Methodology / Methods

The methods section would usually appear after your literature review. For more information about what goes into this section, please see Researching Your Topic.


Findings / results and discussion

You might combine your findings and discussion into one chapter, or you might present them in two separate chapters.


You should provide an objective description of the key findings that help you to answer your research question(s). Even if your findings/results section is separate from your discussion, it is usually appropriate to highlight any significant results, indicating whether they confirm, partially support, are inconclusive, or contradict your hypothesis or previous research.

You need to consider the best way to organise your results, such as under the headings that reflect your research questions or by importance; consult your supervisor if you are unsure.

You should consider using headings and sub-headings to help your reader navigate your results.
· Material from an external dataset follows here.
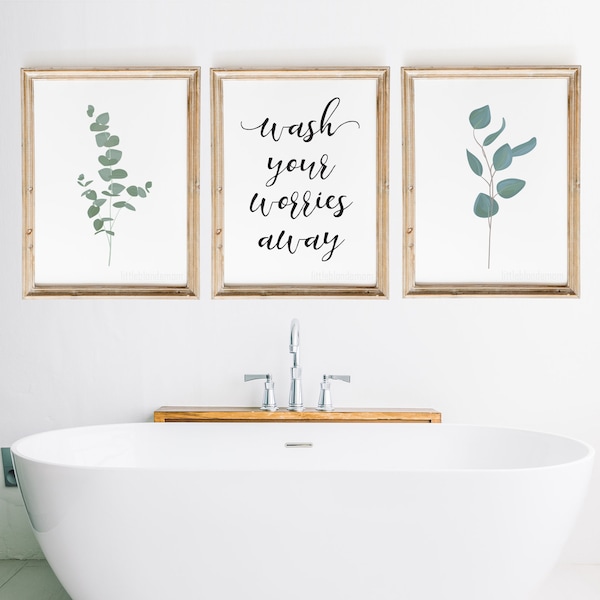 Bathroom Wall Decor | Set of 3 Wall Art | Farmhouse Wall Art | Home Printable | Printable Wall Art | Bathroom Signs | Spa Bathroom Wall Art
Where appropriate, use tables, graphs or other visual aids to help your reader understand your results. Make sure they are clearly labelled and that you explain them in your text. You don’t need to present all of your data/results in this section, just highlight the key trends and use your appendix to provide the rest of the data.


You need to interpret and critically analyse your results and explain to what extent and in what way they answer your research questions. You need to set your findings within the context of existing research that you will have discussed earlier in your project, usually in the literature review. It might be helpful to consider the following questions:

  • Do your findings reflect, contradict or build on existing knowledge?

  • Do they confirm, partially support, are inconclusive or contradict your hypothesis?

  • Are there any anomalies?

  • Were your findings unexpected and why that might be?

  • What are the implications of your findings?



Here you can return your writing to the context of the wider academic debates. This should draw everything together and reiterate your main argument(s). Don’t bring in any new ideas/theories into your conclusion; anything you write about here should already have been discussed in the main body.

  • What have you found? Remind the reader of your research problem, including your aims and objectives and research questions

  • Synthesise your main findings. This will involve highlighting the main themes and showing how they fit together (rather than repeating all of your points). What is your overall conclusion?

  • How does your work correspond with, or differ from, other studies or theories?

  • What has your research added to the academic debate in this area? Do you have any recommendations for future research, or implications for the real world?


Reference list / bibliography

You need to include a list of all the material you have cited throughout your project. Check with your school which referencing style you should use. For more information on referencing see Writing Up Your Project.



This is supplementary material that the reader may want to see, but does not fit into the main body of your project e.g. example questionnaire, consent forms, complete raw data. Clearly label your appendices (e.g Appendix A, Appendix B etc.) and use these labels when referring to your appendices in your project, e.g. "Appendix A shows…". Appendices are usually not included in your word count but make sure you check this with your supervisor.